=== Task to carry out ===
Could you reproduce, word for word, everything below from the line containing "a kitchen with" down to the line containing "Selle foto kohta", with both of those lines included and no others?

=== Study material ===
————————

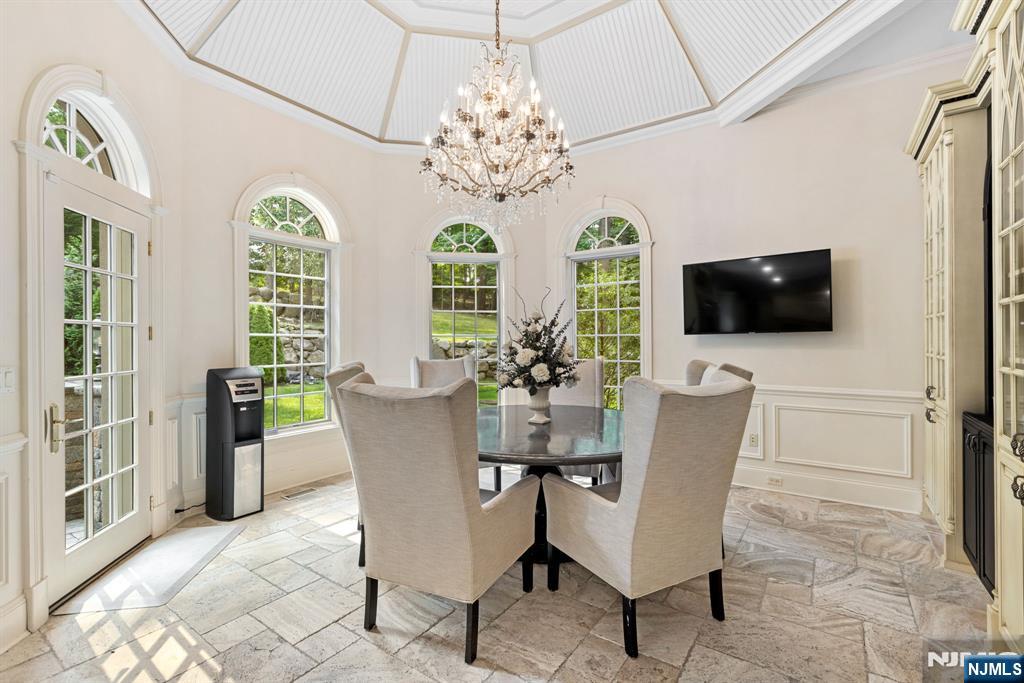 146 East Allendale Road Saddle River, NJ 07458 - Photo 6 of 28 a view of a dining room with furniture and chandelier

————————

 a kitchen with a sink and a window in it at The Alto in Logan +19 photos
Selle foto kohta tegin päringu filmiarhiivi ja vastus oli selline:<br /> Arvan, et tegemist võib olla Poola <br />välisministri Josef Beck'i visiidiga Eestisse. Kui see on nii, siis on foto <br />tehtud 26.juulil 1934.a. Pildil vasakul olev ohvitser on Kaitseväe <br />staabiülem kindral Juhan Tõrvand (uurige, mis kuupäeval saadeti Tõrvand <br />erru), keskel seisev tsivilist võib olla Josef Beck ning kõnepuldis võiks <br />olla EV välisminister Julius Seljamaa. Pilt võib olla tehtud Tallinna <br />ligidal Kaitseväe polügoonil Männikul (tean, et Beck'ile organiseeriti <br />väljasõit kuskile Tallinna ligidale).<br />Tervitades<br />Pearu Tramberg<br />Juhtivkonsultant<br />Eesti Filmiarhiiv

————————

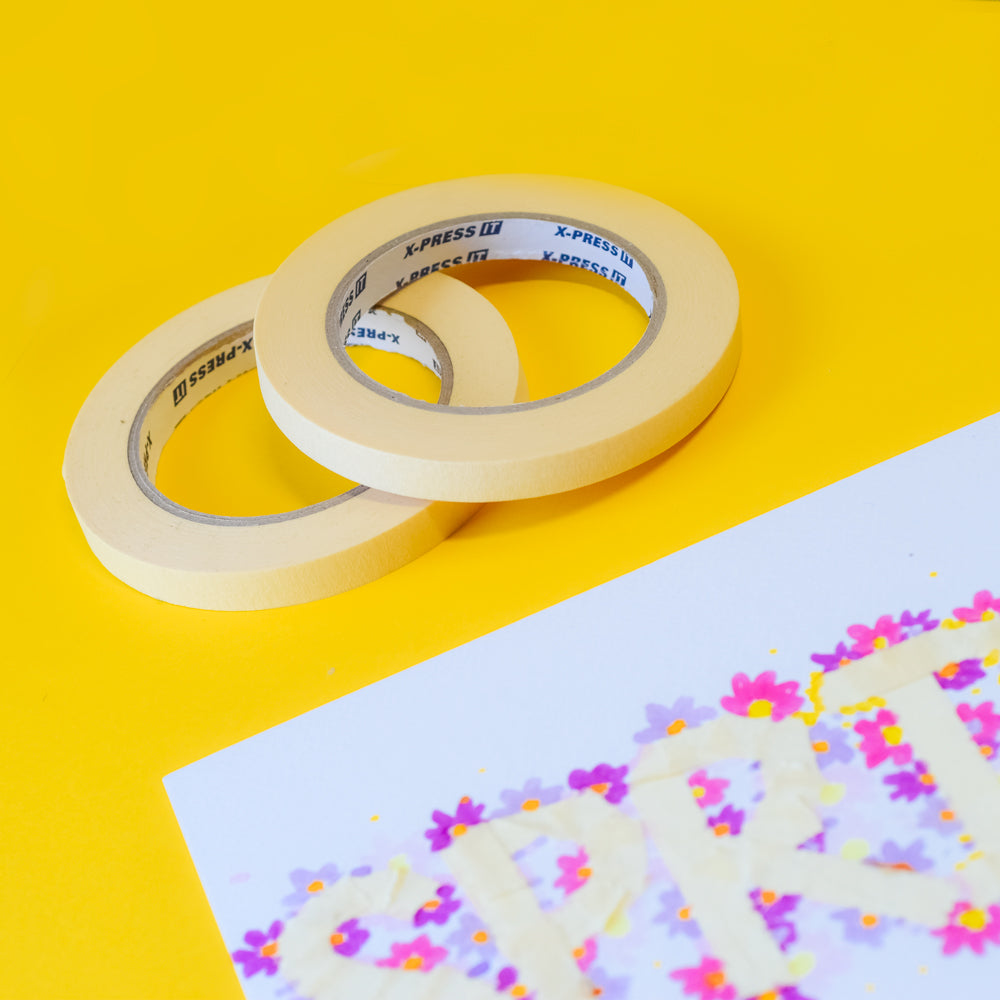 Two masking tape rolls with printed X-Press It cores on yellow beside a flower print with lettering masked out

————————

=== Your response ===
 a kitchen with a sink and a window in it at The Alto in Logan +19 photos
Selle foto kohta tegin päringu filmiarhiivi ja vastus oli selline:<br /> Arvan, et tegemist võib olla Poola <br />välisministri Josef Beck'i visiidiga Eestisse. Kui see on nii, siis on foto <br />tehtud 26.juulil 1934.a. Pildil vasakul olev ohvitser on Kaitseväe <br />staabiülem kindral Juhan Tõrvand (uurige, mis kuupäeval saadeti Tõrvand <br />erru), keskel seisev tsivilist võib olla Josef Beck ning kõnepuldis võiks <br />olla EV välisminister Julius Seljamaa. Pilt võib olla tehtud Tallinna <br />ligidal Kaitseväe polügoonil Männikul (tean, et Beck'ile organiseeriti <br />väljasõit kuskile Tallinna ligidale).<br />Tervitades<br />Pearu Tramberg<br />Juhtivkonsultant<br />Eesti Filmiarhiiv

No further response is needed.